10. Independent t-test

The independent t-test is used to test the difference in our dependent variable between two different groups of observations. Our grouping variable is our independent variable. In other words, we use the independent t-test when we have a research question with a continuous dependent variable and a categorical independent variable with two categories in which different participants are in each category.

The independent t-test is also called the independent samples t-test and the Student’s t-test.

There are three different types of alternative hypotheses we could have for the independent t-test:

  1. Two-tailed

    • \(H_1\): Group 1 has a different mean than Group 2.
    • \(H_0\): There is no difference in means between the two groups.
  2. One-tailed

    • \(H_1\): Group 1 has a greater mean than Group 2.
    • \(H_0\): The mean for Group 1 is less than or equal to the mean for Group 2.
  3. One-tailed

    • \(H_1\): Group 1 has a smaller mean than Group 2.
    • \(H_0\): The mean for Group 1 is greater than or equal to the mean for Group 2.

We’ll use a independent samples t-test whenever we are comparing two separate groups on a single continuous variable. For example, we might use an independent samples t-test when we have an experimental design comparing the treatment and control group on the outcome of interest. We might also use an independent samples t-test if we wanted to compare two in-tact groups (not experimentally manipulated) like pregnant vs non-pregnant people on some continuous outcome.

Step 1: Look at the data

For this chapter, we’re going to work with data from lsj-data. Open data from your Data Library in “lsj-data”. Select and open “Harpo”.This dataset is hypothetical data of 33 students taking Dr. Harpo’s statistics lectures. We have two tutors for the class, Anastasia (n = 15) and Bernadette (n = 18). Our research question is “Which tutor results in better student grades?”

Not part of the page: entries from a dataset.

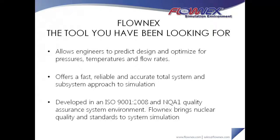Flownex allows engineers to predict, design, and optimize for pressures, temperatures, and flow rates. It offers a fast, reliable, and accurate total system and subsystem approach to simulation. And it is also the only tool of its kind to hold a nuclear accreditation, a testament to the quality of the software.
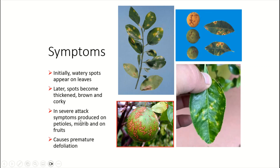In severe attack, symptoms also appear on petioles, midrib, and on the fruits as well. You can see these corky spots on the fruits. These spots cause premature defoliation.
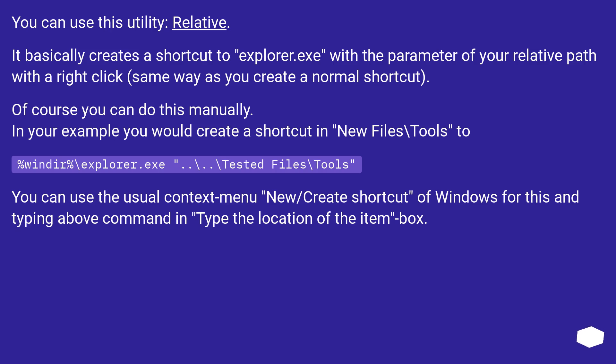You can use the usual context menu New/Create Shortcut of Windows for this and type the above command in the 'Type the location of the item' box.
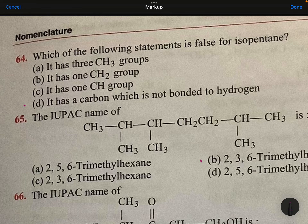Lakshma Reddy sir. Himanshu Pandey nomenclature questions we are discussing here.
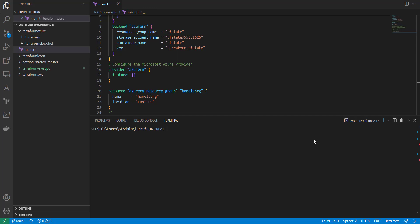Hi, this is Kevin from LetMeTechU and in today's video I'm going to go over the for_each argument in Terraform.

Here’s a video walking through the independent t-test.

Data set-up

To conduct the independent t-test, we first need to ensure our data is set-up properly in our dataset. This requires having two columns: one with our continuous dependent variable and one indicating which group the participant is in. Each row is a unique participant or unit of analysis.

Below is the first ten rows of our data from the Harpo dataset.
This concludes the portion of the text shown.